Bataille de Rocheservière
Ce document photographique nous fournit un autre exemple de carte postale reproduisant une gravure concernant l’insurrection de l’Ouest. Elle a été réalisée cette fois-ci par Freulon de Beaupréau, porte le numéro 635 et appartient à la collection « Guerre de Vendée, Trait Héroïque ». Nous en connaissons plusieurs autres de la même collection, en particulier le numéro 629, Mme de Bulkeley au combat de La Roche-sur-Yon. Celle présentée ci-dessus comporte la légende suivante : 
« Trait Héroïque 1815 
Au combat de Rocheservière, on allait donner le signal de la retraite. Un porte-drapeau, effrayé du feu de l’ennemi, fuyait en emportant son étendard. A cette vue, M de Beauvau, officier d’une rare valeur, court à lui, lui arrache l’étendard des mains et malgré trois blessures dont il est atteint, va le planter sur le pont de la Boulogne ; les Vendéens électrisés par l’admirable courage de cet officier et par l’intrépidité de leur brave chef, M de la Bretêche, ne songent plus à rétrograder et vont affronter le danger ».
Il s’agit naturellement du combat de Rocheservière le 20 juin 1815 livré pendant le nouveau soulèvement entrepris au retour de Napoléon Ier pendant la période dite des Cent Jours.
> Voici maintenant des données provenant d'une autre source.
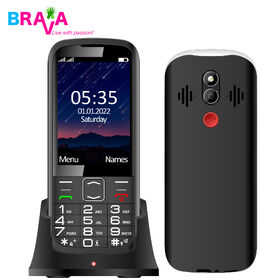 Teléfono Básico Volte 4G Dual SIM para Personas Mayores, Teléfono de Barra de 3.5'' con Fuente Grande para Ancianos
C’est à cette occasion qu’est mort, le lendemain 21 juin, le comte Constant de Suzannet. L’association Vendée Militaire va d’ailleurs consacrer à ce dernier une journée d’hommage le samedi 25 juin 2016 au château de La Chardière à Chavagnes-en-Paillers.


Bataille de la Pénissière
Cette nouvelle carte postale a, elle aussi, été éditée par F. Chapeau, photographe à Nantes vers 1920. Elle appartient à la même série que celle de Pont-Charron (épisodes des Guerres de Vendée) et porte le numéro 42. On peut y lire la légende suivante : « Combat de la Pénissière le 6 juin 1832 : Une cinquantaine de Vendéens, réfugiés au château de la Pénissière, à 7 ou 8 km de Clisson, résistèrent pendant plus de huit heures à une troupe dix fois plus nombreuse ; et malgré l’incendie qui faisait rage, purent presque tous s’échapper. »
Nous avons déjà évoqué le combat au logis de la Pénissière en publiant une carte postale représentant l’édifice au chapitre IV, il ne nous semble donc pas utile d’y revenir maintenant. 

Les personnages :

Le vieux chouan
Cette dernière carte postale, portant le numéro 105, a été éditée en 1903 par Eugène Poupin de Mortagne-sur-Sèvre. Ce dernier affectionnait de photographier les artisans, les vieux métiers et les personnages célèbres ou pittoresques qui habitaient dans nos campagnes. Il nous présente ici un homme qualifié de vieux chouan en costume authentique de l’époque et habitant près de la commune de Châtillon-sur-Sèvre (redevenue depuis Mauléon). La légende inhabituellement longue est hélas plus condescendante que précise: « Le père Jean habite la commune de Moulins près Châtillon (Deux-Sèvres), dans une vieille masure au toit à moitié effondré. Il possède bien au moins trente pantalons, gilets, chapeaux et cravates ; le tout, jeté pêle-mêle dans un désordre extraordinaire, produit un effet indescriptible. Le père Jean est superstitieux ; il a un cauchemar continuel [ça revient la nuit chez lui] dit-il. Mais malgré ce fâcheux contretemps, il en prend son parti et vit en véritable philosophe, sans souci du lendemain. C’est un type unique qu’il faut voir. ». On aurait aimé avoir des précisions sur le costume que l’on distingue malheureusement assez mal ou sur le fusil. Il serait surtout intéressant de savoir ce que ces objets sont devenus depuis plus d’un siècle.